Segment Open

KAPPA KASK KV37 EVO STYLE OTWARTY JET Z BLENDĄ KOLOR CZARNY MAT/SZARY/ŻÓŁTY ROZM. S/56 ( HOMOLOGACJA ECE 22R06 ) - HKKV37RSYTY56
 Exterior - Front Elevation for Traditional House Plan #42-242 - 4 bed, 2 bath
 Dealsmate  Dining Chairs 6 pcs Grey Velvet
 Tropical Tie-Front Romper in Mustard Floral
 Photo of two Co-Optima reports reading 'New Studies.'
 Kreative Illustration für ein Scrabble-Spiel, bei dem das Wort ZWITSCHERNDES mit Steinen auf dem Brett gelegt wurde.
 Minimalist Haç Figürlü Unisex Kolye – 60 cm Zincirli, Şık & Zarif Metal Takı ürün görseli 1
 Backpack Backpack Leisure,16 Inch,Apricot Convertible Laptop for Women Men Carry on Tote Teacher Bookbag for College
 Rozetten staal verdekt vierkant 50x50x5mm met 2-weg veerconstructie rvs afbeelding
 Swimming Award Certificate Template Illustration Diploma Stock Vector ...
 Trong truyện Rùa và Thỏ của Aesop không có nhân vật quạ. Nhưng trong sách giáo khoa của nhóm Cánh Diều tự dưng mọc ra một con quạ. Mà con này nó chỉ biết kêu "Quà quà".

Segment Closed

# What you have to do:
Filter the records, keeping only lines that contain "Front", and show those lines.

# Expected answer:
 Exterior - Front Elevation for Traditional House Plan #42-242 - 4 bed, 2 bath
 Tropical Tie-Front Romper in Mustard Floral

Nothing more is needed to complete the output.